**Work item:**
For this exercise, print the listing below exactly, without its pictures.

**Collected material:**
Start of Block

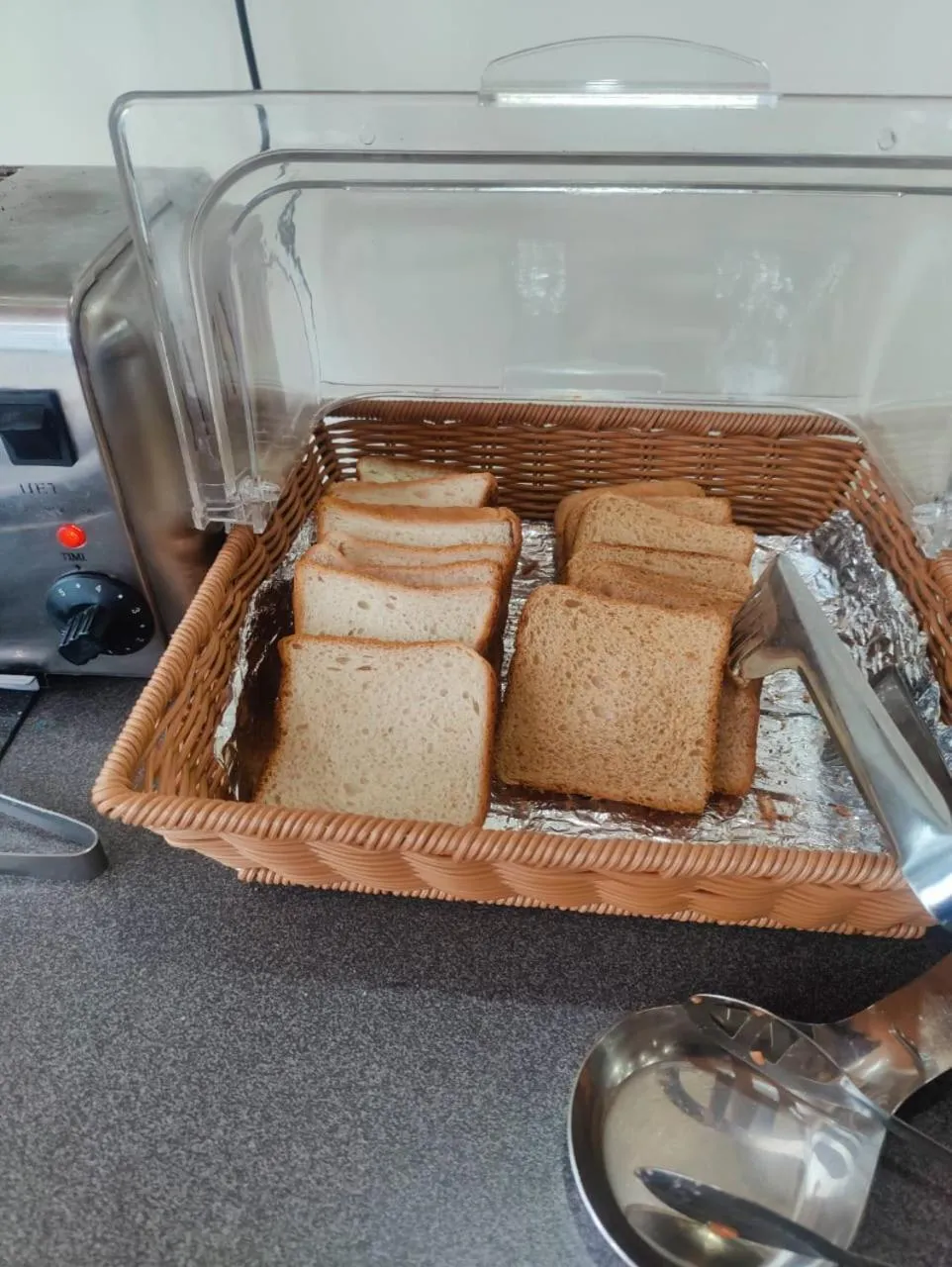 Food in Aliza Inn And Suites By SRS Hotels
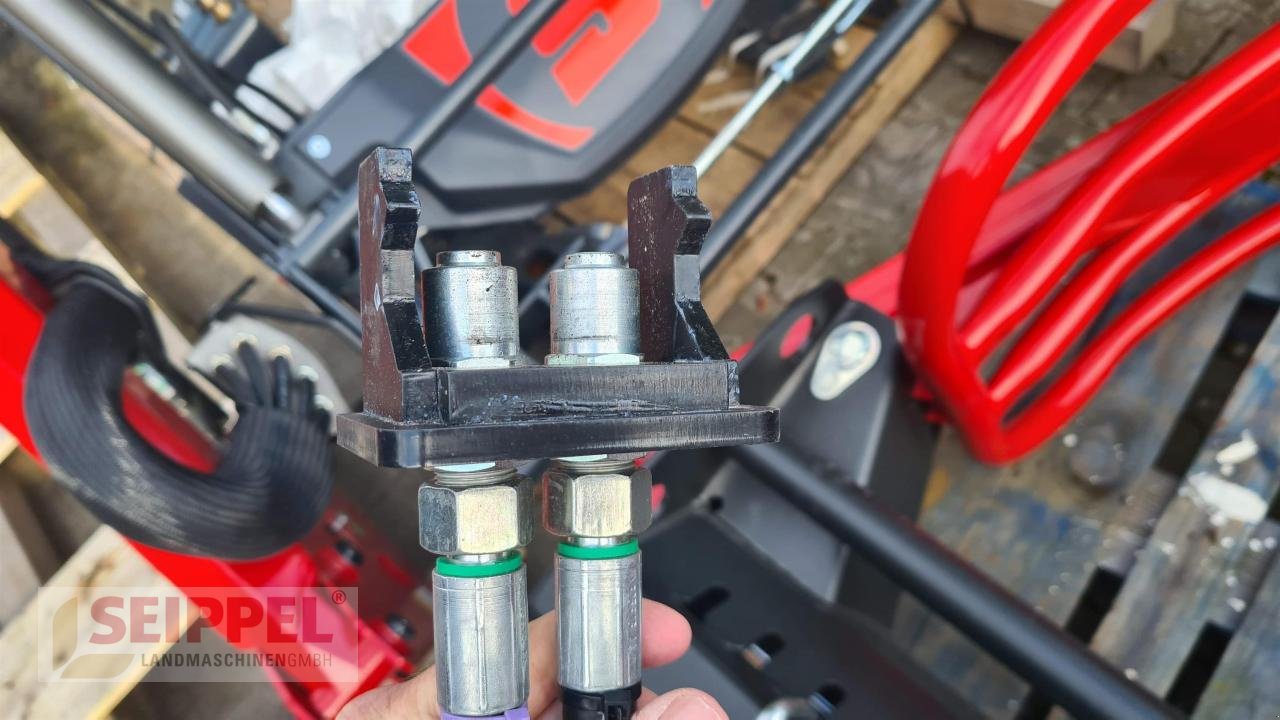 Sonstiges Zubehör of the type Case IH BALLENZANGE MX MANUBAL C40 CASE-IH, Neumaschine in Groß-Umstadt (Picture 4)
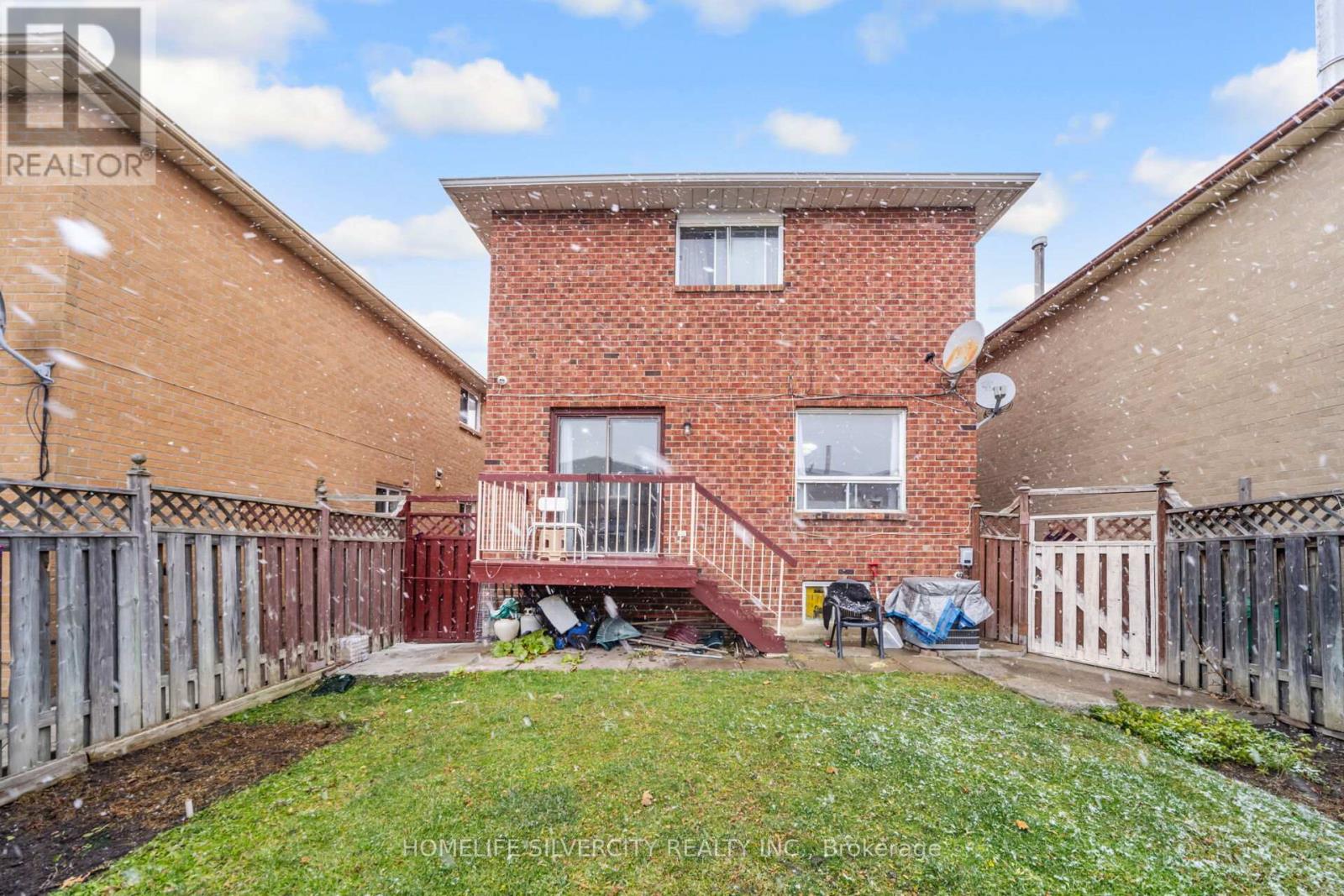 24 Jay Street, Brampton, Ontario L6Z 3V7 - Photo 45 - W12587144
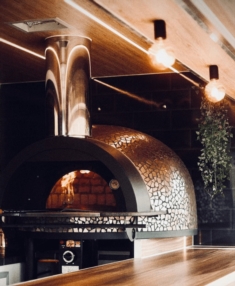 La cuisson au feu de bois, au cœur de l’authenticité Hyde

End of Block

**Solution to this task:**
 Food in Aliza Inn And Suites By SRS Hotels
 Sonstiges Zubehör of the type Case IH BALLENZANGE MX MANUBAL C40 CASE-IH, Neumaschine in Groß-Umstadt (Picture 4)
 24 Jay Street, Brampton, Ontario L6Z 3V7 - Photo 45 - W12587144
 La cuisson au feu de bois, au cœur de l’authenticité Hyde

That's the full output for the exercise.